## TASK DESCRIPTION
Please give a word-for-word repeat of the line containing "Intercomp CW250 100168-RFX" and all lines that come after it in the entries below, ending at the last line.

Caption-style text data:
:::::

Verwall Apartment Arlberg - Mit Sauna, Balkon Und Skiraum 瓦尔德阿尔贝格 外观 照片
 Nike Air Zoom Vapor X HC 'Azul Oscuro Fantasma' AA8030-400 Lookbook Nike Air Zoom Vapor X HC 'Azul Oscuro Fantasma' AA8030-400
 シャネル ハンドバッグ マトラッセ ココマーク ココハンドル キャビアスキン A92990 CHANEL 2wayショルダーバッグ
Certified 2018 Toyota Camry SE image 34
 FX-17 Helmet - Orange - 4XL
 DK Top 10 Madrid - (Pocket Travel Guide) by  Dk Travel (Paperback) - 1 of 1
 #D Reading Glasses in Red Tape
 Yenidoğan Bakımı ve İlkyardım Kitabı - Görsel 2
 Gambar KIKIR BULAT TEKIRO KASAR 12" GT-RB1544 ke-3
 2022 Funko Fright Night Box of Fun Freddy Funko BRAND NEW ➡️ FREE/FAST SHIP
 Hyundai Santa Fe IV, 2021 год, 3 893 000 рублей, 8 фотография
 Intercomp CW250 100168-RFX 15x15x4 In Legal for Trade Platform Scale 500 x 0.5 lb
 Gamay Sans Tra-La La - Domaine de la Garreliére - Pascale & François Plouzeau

:::::

## WORKED SOLUTION
 Intercomp CW250 100168-RFX 15x15x4 In Legal for Trade Platform Scale 500 x 0.5 lb
 Gamay Sans Tra-La La - Domaine de la Garreliére - Pascale & François Plouzeau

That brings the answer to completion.